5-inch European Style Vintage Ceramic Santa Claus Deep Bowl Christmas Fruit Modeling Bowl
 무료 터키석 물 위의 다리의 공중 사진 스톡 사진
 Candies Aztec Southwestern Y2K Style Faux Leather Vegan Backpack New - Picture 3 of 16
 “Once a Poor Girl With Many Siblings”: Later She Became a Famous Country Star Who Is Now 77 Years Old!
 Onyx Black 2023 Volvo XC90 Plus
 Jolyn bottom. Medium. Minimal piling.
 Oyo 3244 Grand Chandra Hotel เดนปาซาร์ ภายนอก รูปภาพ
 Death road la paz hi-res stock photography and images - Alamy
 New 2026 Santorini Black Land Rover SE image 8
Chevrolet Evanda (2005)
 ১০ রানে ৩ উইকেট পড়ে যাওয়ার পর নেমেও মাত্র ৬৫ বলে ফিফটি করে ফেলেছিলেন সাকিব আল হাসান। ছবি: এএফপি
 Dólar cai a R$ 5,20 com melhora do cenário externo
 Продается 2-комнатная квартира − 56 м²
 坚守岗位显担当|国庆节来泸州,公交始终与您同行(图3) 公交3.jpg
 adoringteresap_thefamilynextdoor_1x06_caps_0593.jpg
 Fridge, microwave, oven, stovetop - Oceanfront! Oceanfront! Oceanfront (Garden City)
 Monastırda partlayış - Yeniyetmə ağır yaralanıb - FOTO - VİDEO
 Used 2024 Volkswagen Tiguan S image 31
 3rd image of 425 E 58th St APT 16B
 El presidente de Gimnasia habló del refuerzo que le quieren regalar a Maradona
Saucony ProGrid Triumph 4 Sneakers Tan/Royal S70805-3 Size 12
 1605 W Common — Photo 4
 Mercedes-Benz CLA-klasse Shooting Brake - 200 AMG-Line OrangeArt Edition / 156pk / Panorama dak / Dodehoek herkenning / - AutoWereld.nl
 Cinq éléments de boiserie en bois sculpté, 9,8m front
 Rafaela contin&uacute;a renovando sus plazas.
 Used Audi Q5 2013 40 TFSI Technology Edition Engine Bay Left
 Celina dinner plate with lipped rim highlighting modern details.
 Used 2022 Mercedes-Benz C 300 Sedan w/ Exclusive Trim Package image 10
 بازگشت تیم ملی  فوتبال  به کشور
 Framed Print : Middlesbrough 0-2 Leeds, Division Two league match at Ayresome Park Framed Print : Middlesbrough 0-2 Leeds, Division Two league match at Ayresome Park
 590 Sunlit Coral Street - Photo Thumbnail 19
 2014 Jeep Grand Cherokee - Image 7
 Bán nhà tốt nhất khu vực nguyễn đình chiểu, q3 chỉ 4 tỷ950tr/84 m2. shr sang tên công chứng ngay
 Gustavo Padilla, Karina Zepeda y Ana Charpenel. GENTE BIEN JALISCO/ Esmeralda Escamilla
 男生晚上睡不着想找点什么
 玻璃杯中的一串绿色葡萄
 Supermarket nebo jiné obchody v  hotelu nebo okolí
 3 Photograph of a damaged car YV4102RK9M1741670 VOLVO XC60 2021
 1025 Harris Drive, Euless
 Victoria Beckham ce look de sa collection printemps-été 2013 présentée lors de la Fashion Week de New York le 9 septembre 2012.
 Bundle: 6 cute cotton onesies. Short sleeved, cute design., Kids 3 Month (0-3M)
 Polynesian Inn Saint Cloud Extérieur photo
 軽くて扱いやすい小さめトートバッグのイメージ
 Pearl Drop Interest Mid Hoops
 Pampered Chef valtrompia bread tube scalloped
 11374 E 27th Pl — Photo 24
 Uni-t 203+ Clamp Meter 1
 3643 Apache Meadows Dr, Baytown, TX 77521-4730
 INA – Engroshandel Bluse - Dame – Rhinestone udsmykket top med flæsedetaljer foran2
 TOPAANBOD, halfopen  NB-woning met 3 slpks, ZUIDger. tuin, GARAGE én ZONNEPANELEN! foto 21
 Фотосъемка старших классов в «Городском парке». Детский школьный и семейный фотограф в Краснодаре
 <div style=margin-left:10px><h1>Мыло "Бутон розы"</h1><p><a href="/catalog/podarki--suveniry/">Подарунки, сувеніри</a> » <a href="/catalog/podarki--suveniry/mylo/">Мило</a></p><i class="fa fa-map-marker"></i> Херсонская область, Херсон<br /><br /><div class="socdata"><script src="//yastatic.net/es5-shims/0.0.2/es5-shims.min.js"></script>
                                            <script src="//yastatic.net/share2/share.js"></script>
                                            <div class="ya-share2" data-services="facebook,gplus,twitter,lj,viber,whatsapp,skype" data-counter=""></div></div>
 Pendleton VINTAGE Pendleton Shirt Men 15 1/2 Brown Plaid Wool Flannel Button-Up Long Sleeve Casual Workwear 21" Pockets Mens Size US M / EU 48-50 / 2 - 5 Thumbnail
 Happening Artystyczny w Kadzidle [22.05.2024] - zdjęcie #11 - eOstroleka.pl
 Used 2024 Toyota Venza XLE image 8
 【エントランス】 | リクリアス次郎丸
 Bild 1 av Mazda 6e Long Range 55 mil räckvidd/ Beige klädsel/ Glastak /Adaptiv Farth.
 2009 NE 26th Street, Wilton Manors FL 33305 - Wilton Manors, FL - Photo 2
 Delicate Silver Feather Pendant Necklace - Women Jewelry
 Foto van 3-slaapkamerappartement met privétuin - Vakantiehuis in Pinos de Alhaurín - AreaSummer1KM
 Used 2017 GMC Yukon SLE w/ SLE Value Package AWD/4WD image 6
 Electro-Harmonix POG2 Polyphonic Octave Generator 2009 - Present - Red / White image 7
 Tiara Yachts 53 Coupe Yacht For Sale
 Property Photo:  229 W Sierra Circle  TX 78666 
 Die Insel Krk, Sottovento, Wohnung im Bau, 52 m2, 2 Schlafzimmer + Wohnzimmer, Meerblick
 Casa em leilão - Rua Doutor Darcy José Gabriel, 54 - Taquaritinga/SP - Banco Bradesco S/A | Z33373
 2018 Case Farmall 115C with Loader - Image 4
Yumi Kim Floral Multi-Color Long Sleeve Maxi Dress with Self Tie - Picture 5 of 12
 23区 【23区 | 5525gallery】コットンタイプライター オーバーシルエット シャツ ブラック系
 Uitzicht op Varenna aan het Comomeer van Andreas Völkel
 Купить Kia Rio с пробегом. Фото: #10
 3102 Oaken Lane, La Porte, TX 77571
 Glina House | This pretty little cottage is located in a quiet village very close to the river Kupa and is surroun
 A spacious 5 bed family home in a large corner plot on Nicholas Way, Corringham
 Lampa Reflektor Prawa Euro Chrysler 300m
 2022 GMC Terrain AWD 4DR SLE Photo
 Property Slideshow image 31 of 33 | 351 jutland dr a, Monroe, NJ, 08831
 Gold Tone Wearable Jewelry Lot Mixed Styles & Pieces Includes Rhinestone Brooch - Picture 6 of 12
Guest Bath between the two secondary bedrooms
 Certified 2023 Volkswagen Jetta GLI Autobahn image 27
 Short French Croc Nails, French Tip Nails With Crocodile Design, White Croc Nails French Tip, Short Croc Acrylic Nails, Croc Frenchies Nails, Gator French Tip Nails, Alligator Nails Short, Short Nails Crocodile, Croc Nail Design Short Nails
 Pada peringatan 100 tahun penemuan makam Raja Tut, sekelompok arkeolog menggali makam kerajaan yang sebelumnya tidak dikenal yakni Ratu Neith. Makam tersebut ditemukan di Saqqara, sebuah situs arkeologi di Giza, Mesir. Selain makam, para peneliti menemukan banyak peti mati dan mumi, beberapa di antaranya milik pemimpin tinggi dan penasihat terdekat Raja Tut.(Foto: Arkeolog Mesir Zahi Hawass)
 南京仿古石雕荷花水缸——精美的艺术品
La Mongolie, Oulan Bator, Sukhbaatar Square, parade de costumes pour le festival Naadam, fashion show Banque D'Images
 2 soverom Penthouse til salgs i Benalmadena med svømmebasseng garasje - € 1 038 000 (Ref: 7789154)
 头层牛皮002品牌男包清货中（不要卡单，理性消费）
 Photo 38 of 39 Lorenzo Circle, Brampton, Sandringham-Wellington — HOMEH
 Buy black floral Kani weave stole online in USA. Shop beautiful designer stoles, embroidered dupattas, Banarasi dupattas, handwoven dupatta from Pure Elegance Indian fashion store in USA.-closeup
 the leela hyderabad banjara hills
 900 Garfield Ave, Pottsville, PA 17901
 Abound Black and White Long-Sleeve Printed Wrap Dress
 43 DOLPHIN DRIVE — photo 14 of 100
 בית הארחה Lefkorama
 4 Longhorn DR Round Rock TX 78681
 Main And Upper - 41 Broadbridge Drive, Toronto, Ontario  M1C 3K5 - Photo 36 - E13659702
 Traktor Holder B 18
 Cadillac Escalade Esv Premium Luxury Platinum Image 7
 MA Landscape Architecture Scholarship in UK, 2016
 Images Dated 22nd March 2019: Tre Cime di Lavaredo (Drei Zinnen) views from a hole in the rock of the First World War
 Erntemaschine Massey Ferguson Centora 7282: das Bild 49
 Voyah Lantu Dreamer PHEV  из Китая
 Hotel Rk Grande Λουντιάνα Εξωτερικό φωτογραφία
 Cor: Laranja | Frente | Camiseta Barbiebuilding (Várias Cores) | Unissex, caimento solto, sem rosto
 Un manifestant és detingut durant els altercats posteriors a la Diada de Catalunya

*****

WHAT YOU HAVE TO DO → Which of the lines in the listing above include "Edition"? Report each of them.

ANSWER BELOW →
 Mercedes-Benz CLA-klasse Shooting Brake - 200 AMG-Line OrangeArt Edition / 156pk / Panorama dak / Dodehoek herkenning / - AutoWereld.nl
 Used Audi Q5 2013 40 TFSI Technology Edition Engine Bay Left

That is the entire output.